→ **Aim of the exercise**
Ignoring the pictures, copy the data exactly.

Entries supplied Start Marker

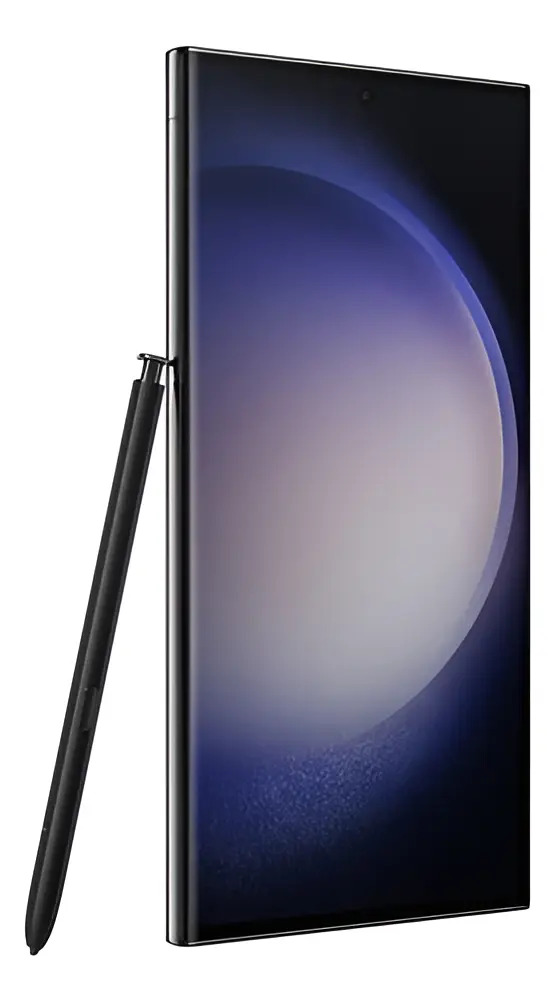 Smartphone Samsung Galaxy S23 Ultra 5G 1 TB 12 GB de RAM
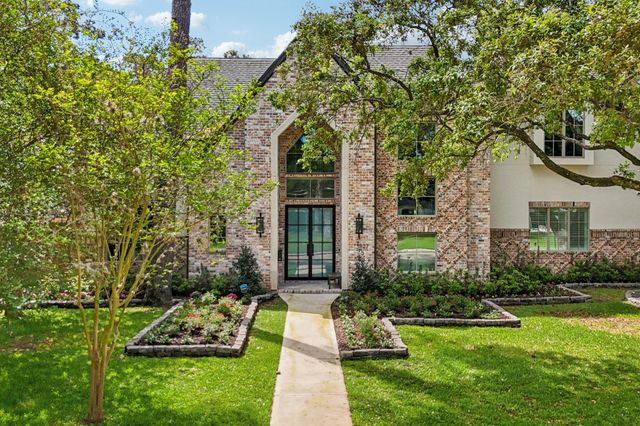 13927 Perthshire Road, Houston, TX 77079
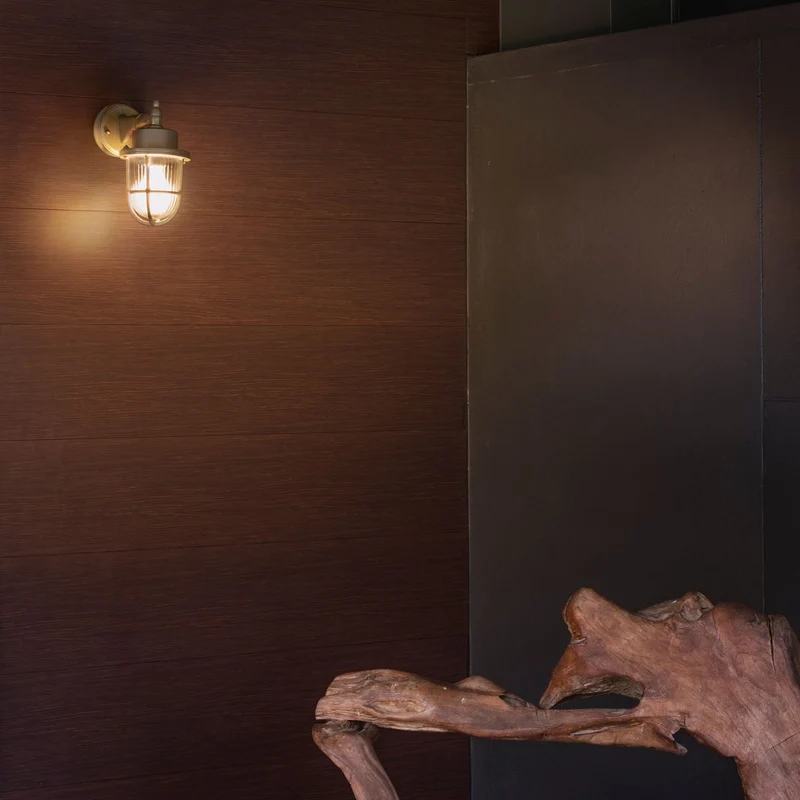 Faro Nahir Wall Lamp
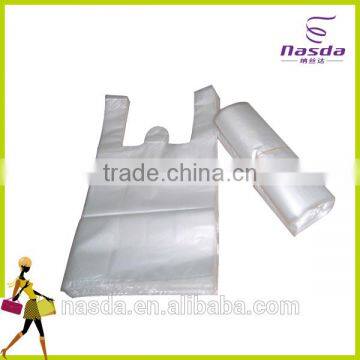 HDPE plastic freshness protection package,Plastic food preservation kits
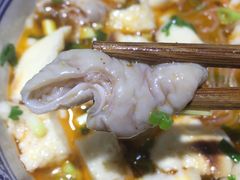 -天发芽·何记葫芦头泡馍·老字号(小南门店)
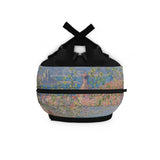 Antibes | Backpack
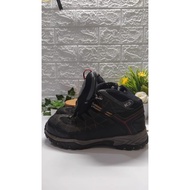 [Second Branded] Safety Shoes K2, size 41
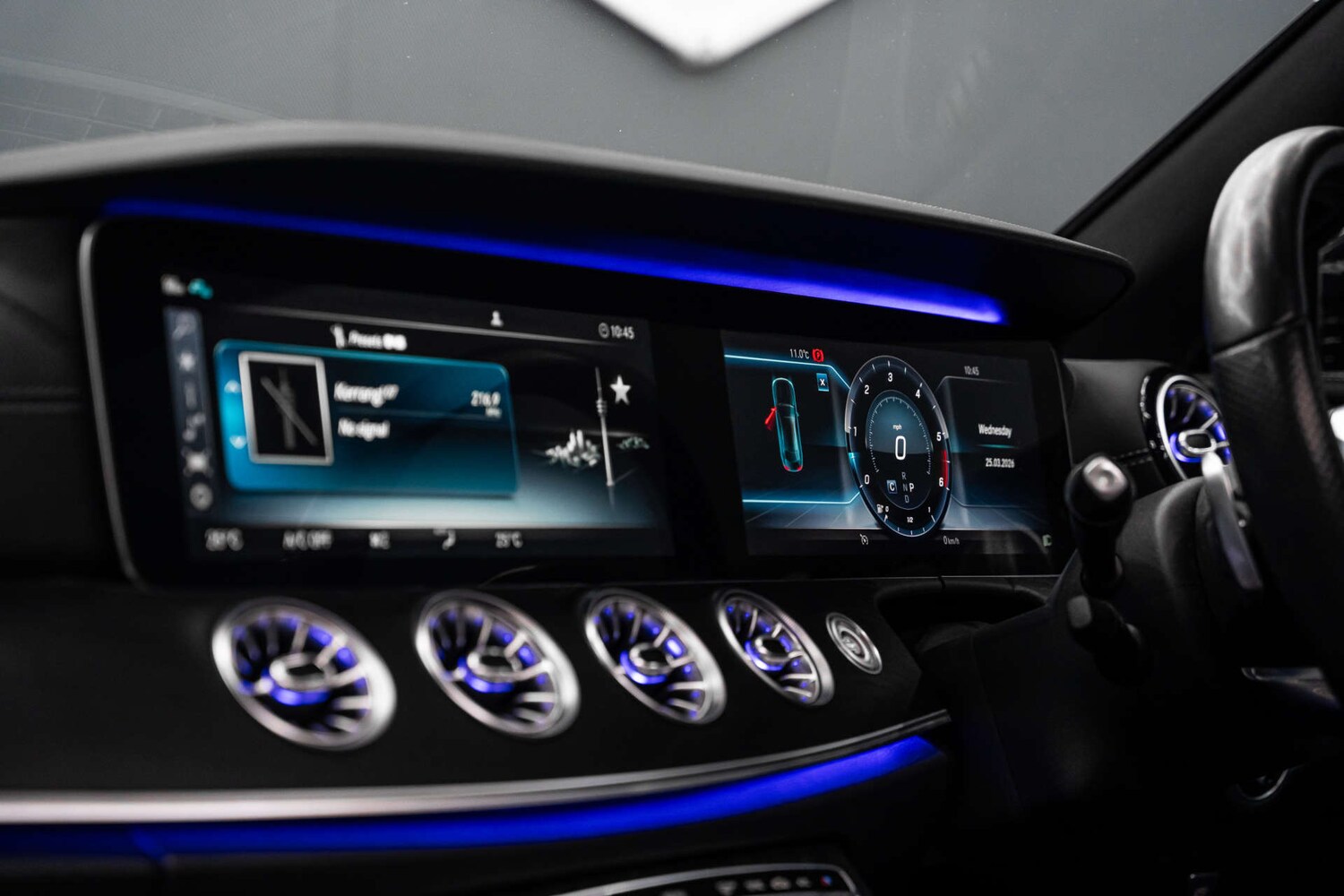 Used Mercedes-Benz E Class 2019 for sale - 78011967: Photo 36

Entries supplied End Marker

→ **Result below**
 Smartphone Samsung Galaxy S23 Ultra 5G 1 TB 12 GB de RAM
 13927 Perthshire Road, Houston, TX 77079
 Faro Nahir Wall Lamp
 HDPE plastic freshness protection package,Plastic food preservation kits
 -天发芽·何记葫芦头泡馍·老字号(小南门店)
 Antibes | Backpack
 [Second Branded] Safety Shoes K2, size 41
 Used Mercedes-Benz E Class 2019 for sale - 78011967: Photo 36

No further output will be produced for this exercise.